Tollers can have great temperaments, but it's not just a Golden temperament in a smaller package. Having a good temperament for the breed and having a social, outgoing, easily calmed personality are two different things.

Also, I think a lot of smallish red/gold dogs with white marks at rescues are identified as Tollers or Toller mixes in order to help get them adopted, even though there may be no Toller at all in them.


----------



## CAROLINA MOM (May 12, 2009)

Alaska7133 said:


> You might want to check out their scream as its called. It's very obnoxious. You either love it or hate it. Tollerscream - YouTube


Oh wow, I had no clue! First time I've heard this. Thanks for sharing it.


----------



## Stretchdrive (Mar 12, 2011)

CAROLINA MOM said:


> Oh wow, I had no clue! First time I've heard this. Thanks for sharing it.


It is even better in person!! LOL! They really are fun dogs though.


----------



## Claire's Friend (Feb 26, 2007)

I met a beautiful little Toller at the dog show last year. His owners asked that I NOT pet him, as he was very timid around strangers. After talking with them a bit, I did end up sitting on the ground and having him come over and take treats out of my hand. They said he was nothing like a Golden.


----------



## sdhgolden (Aug 13, 2012)

Alaska7133 said:


> You might want to check out their scream as its called. It's very obnoxious. You either love it or hate it. Tollerscream - YouTube


Wow I have never heard anything like that! I was cracking up! It doesn't even sound like a dog! 

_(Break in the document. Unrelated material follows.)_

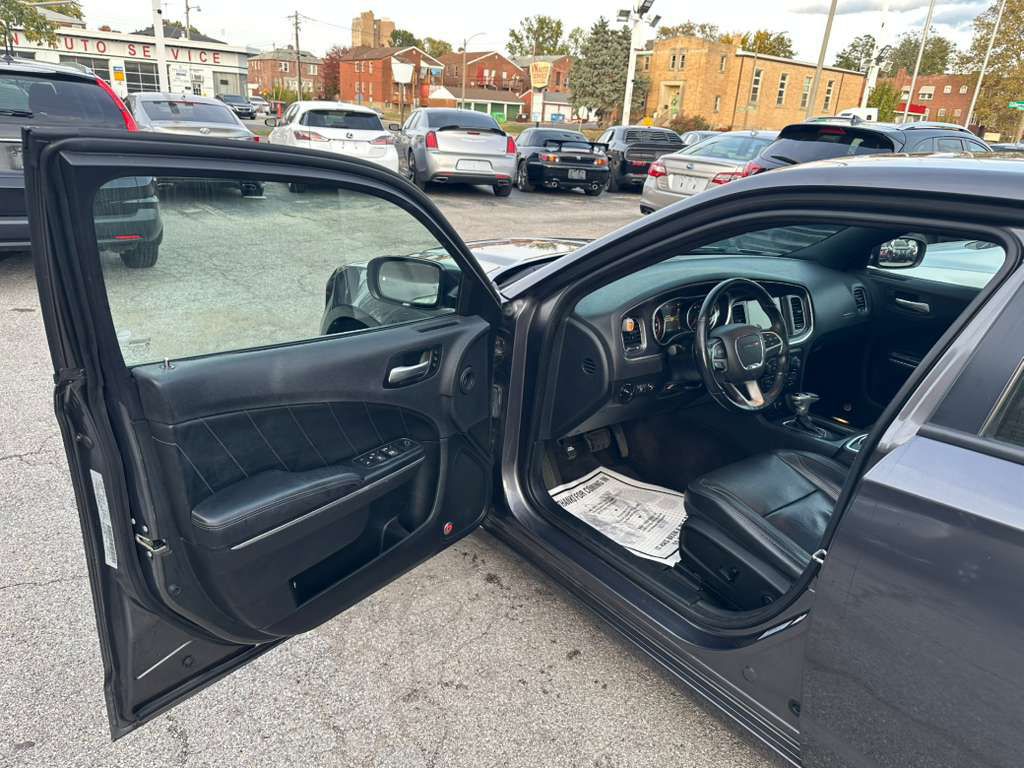 2016 Dodge Charger Image 9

Sent from my iPhone using PG Free


----------



## vcm5 (Apr 20, 2011)

My friend has a Toller who is a wonderful dog. He is more high energy than a golden, but definitely not aloof, he is very very sweet and goofy. He does scream like that video though!!


----------



## DanaRuns (Sep 29, 2012)

I just watched that video, and it drove my Golden crazy! LOL! She was almost unnerved by it.


----------



## az_melanie (Aug 5, 2012)

I just watched the youtube video of the screaming Toller. Oh. My. Yeah, I think I'll pass !!


----------



## Denlie (Nov 3, 2011)

I just watched the video out of curiousity.

Gracie was a little freaked out by it. Started barking and running from room to room. LOL.


----------



## MikaTallulah (Jul 19, 2006)

The video did not bother mine in the slightest but I have "yappy, whiny" yorkies!


----------